Porque no lo olvidemos: tanto Oriol Junqueras como Xavier Trías, David Fernández o cualquiera que pase por la mesa de la independencia o del supuesto derecho a decidir, son exactamente eso para Fernández Díaz: rivales políticos. Lo son como miembro del PP; pero, como ministro de Interior, ambos son ciudadanos cuyos derechos debe proteger, garantizando su ejercicio, con independencia de que coincidan o no en sus discursos. Lo contrario, salir de ahí en una sola brizna, nos acerca peligrosamente al totalitarismo, es decir: a la sumisión de los derechos y las libertades públicas al arbitrio del poder estatal, que impondrá su criterio, en cada momento, sobre los derechos de los ciudadanos. Por poner un ejemplo, muy del gusto de la jerarquía popular, es lo que vendría sucediendo en Cuba y lo que quizá ocurra en Venezuela, como se convirtió en una auténtica maquinaria del mal en la antigua URSS y en la Alemania nazi: usted no tiene derechos, por no tener, ya no tiene ni siquiera derecho a la intimidad, que queda supeditada al Estado, con un poder omnímodo, total, totalitario.

Si, como parece, Fernández Díaz, ministro de Interior en funciones, ha incurrido en estas prácticas, supondría tal nivel de precipitación, de descenso a la hez de la putrefacción democrática, de abuso de poder y corrupción de las funciones públicas, tal malversación de nuestra confianza colectiva, que ni la propia democracia, ni nosotros mismos, deberíamos haber permitido que este hombre siguiera un día más al frente del ministerio de Interior. Pero claro: para eso, la ciudadanía tendría que comprender lo que le están hurtando, y reunir la madurez política suficiente como para entender que aquí no estamos hablando ya ni del PP, ni del PSOE, ni de Podemos, ni siquiera estamos hablando del escabroso asunto de la independencia de Cataluña y las malas artes de la Generalitat enfrentando a sus ciudadanos entre sí, sino de la destrucción del Estado de Derecho, el engranaje de nuestra vida pacífica, desde su parte más frágil, más valiosa y vulnerable: la pulpa de nuestra libertad, su verdad interior, germen de nuestro derecho.

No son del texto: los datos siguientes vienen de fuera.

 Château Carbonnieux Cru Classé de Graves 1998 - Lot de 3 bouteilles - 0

Al parecer, en las escuchas se evidencian prácticas como la creación de pruebas contra esos rivales políticos, relatándose los intentos de influir en la fiscalía y demás órganos judiciales. Así, se puede escuchar a De Alfonso proponiéndole a Fernández Díaz su plan para anular a Artur Mas, ofreciéndose el propio Fernández Díaz para hacer las gestiones necesarias con el fiscal general. «Lo ideal es si eso está en el juzgado y sale. Nadie va a sospechar que sale de la policía ni de investigaciones policiales», se le escucha decir. Mientras, la Unión Progresista de Fiscales ha pedido a la Fiscalía General del Estado una investigación: «Reclamamos que se esclarezca el origen y circunstancias en que se produjeron las grabaciones y se valore el contenido de las conversaciones depurando las responsabilidades necesarias». Parece ser que todavía queda alguien en nuestra democracia, los fiscales al menos, conscientes de lo que supone este atentado.

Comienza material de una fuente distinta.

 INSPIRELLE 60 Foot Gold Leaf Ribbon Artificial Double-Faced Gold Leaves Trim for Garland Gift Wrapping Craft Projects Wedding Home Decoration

Porque es un atentado. El más grave, y ya van muchos. Sea quien sea el adversario, nadie puede usar los recursos del Estado contra ellos. Esto es peor que un Watergate: de ser todo verdad, no sólo Fernández Díaz, sino el propio presidente debería dimitir. Pero Mariano Rajoy ni siquiera se inmuta. Es natural: en un país en el que 7 de cada 10 ciudadanos reconoce no haber leído un solo libro este año, para qué preocuparse.